Today is Palm Sunday. Seems like a good time for some church pictures.

“What village is that” is a fairly common question my wife of I will ask as we walk though our area of Germany. So many little places in the distance, and in four years there are still a few we haven’t explored. Such as Wettelbrunn.

I vaguely remember the town is one of the local transit routes, but I have never bothered to get off the bus and explore. You reach the point where are small German towns look alike.

Which is true, and also not true. Each has something unique, though a casual visitor may not discover it. And we were very casual visitors.

My wife needed to stretch her legs after a train trip. I’d picked her up at the station, and we decided to walk for an hour before heading home. We parked by the Roman ruins in Heitersheim and headed into the vineyards. We could see a village a short distance away.

Actually, we could see several. There was Staufen, Ballrechten, Dottingen, Grunern and Sulzburg, depending on which direction you turned. And the one we hadn’t been to, Wettelbrun.

We didn’t explore Wettelbrun. I will admit, I was in a hurry to get home and have dinner. But we did leave the fields and looked at the church near the vineyards. I like to visit churches, Like German villages, they look similar but no two are identical.

St. Vitus is, in my mind, one of the newer churches in the area – constructed in 1216. or thereabouts. That makes it about 250 years newer than St. Cyriak in Sulzburg. Canada has a few churches that are more than a couple of centuries old, but 1216 was more than 800 years ago.

Not being overly literate when it comes to the roster of Roman Catholic saints, I had to look up St. Vitus. Turns out he dies in the early fourth century, and is the patron saint of actors and comedians. not to mention dogs and oversleeping. (There’s a patron saint for oversleeping – who knew?)

St. Vitus doesn’t strike me as an 800-year-old church, but that may be because of renovations after and 18th century fire.
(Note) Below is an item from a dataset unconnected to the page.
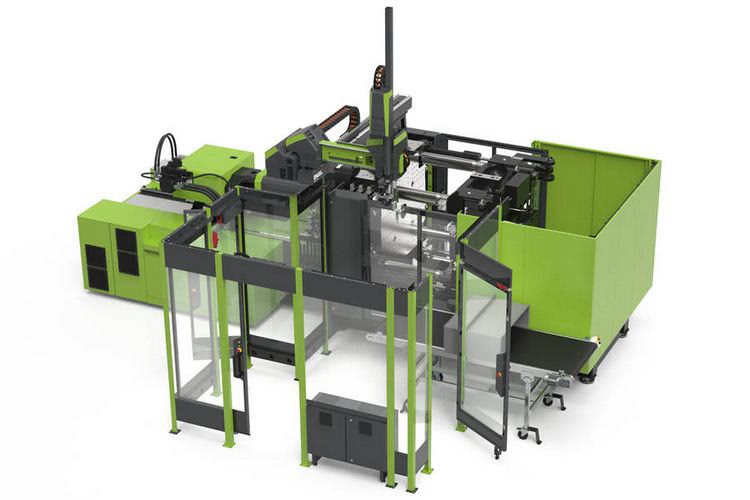 Engel compliant safety guarding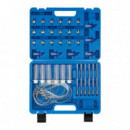 Medidor y Comprobador Sistemas Inyeccion FARGO TOOLS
Then again, I’m not sure what an 800-year-old church is supposed to look like.

This is the sort of place you don’t discover when you embark on a European tour. It is a simple church, not a grand cathedral. I suspect Wettelbrunn can go years, maybe decades without seeing foreign tourists.

Yet there is a beauty in the simplicity. It is a reminder that generations of Christians have worshipped here, living simply with a simple faith. Christianity may no longer dominate Europe as it once did, but it hasn’t faded away yet.

Part of me thinks that as the 21st century progresses, churches like St. Vitus will dwindle and close. But closing churches does not mean a decline of faith.

The expression of Christianity may be moving away from formal liturgies and centuries-old buildings. The Church has evolved for two millennia. It thrives best when it knows and acknowledges its history, but is not bound by it.

While the old buildings are still around to be enjoyed, I will delight in exploring them. But their passage will only be a phase, not an ending.